**Exercise goal:**
Your task is to filter the data below down to the lines holding "Road".

*** Exercise material Section Begins ***

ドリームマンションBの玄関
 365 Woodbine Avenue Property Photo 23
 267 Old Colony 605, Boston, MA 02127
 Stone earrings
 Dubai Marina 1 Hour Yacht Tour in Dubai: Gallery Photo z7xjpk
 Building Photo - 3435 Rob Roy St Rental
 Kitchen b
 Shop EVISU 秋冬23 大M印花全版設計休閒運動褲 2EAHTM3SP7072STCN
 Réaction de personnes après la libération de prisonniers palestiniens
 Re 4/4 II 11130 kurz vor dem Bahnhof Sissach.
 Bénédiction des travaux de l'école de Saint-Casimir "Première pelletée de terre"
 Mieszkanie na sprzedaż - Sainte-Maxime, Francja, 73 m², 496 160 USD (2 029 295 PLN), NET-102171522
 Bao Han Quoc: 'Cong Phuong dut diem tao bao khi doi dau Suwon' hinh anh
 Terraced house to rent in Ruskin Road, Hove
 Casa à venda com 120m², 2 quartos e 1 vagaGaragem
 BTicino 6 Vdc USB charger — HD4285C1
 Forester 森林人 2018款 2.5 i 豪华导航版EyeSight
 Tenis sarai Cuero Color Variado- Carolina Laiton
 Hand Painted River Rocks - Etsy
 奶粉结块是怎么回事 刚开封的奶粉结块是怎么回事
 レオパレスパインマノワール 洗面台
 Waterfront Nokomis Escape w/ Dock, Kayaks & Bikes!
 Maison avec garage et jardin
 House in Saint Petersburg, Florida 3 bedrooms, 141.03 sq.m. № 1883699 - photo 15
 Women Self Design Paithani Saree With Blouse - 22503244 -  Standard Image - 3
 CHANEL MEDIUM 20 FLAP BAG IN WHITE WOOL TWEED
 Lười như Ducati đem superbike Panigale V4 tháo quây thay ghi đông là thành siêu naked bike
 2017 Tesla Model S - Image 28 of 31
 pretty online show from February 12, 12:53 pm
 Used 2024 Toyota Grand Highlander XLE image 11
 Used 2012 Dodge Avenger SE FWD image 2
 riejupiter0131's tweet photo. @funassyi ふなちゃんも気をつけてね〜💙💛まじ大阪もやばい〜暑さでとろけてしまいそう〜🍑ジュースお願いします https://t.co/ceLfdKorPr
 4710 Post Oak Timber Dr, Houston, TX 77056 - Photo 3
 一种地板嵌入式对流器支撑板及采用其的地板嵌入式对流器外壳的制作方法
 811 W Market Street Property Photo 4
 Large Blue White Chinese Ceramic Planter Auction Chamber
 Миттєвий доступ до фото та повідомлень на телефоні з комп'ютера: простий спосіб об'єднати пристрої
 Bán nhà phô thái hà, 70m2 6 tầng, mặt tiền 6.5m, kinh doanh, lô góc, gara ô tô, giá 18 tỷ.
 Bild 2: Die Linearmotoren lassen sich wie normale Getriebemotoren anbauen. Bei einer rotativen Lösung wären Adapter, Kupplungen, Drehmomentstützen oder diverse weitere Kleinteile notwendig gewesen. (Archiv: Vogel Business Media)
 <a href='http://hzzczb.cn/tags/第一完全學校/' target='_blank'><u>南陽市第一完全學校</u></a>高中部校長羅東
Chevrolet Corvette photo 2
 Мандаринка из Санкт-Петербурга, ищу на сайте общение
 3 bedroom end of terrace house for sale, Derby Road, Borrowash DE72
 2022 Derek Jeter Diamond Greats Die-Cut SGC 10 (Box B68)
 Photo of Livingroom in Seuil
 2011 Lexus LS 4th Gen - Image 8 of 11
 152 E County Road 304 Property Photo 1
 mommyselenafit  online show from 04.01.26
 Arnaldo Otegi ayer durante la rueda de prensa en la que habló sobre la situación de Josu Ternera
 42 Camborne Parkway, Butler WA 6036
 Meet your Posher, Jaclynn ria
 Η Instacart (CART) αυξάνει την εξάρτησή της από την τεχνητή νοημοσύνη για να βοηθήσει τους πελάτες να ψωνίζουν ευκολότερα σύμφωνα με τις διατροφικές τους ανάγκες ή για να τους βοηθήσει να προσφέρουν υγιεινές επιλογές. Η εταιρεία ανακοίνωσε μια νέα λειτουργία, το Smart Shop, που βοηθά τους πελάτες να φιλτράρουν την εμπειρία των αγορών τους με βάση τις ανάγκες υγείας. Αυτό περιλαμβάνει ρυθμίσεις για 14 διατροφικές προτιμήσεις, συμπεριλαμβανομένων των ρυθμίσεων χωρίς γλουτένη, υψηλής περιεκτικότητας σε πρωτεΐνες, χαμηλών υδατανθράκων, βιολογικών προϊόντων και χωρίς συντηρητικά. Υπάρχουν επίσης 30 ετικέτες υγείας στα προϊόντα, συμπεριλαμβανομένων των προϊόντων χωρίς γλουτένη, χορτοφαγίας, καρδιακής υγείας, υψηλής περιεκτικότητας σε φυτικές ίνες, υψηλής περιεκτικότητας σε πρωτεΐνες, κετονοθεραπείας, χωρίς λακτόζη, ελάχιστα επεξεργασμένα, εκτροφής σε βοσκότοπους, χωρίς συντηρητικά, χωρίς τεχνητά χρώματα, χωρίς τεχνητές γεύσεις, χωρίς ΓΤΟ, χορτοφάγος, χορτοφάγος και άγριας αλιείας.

*** Exercise material Section Ends ***

**Exercise solution:**
 Terraced house to rent in Ruskin Road, Hove
 3 bedroom end of terrace house for sale, Derby Road, Borrowash DE72
 152 E County Road 304 Property Photo 1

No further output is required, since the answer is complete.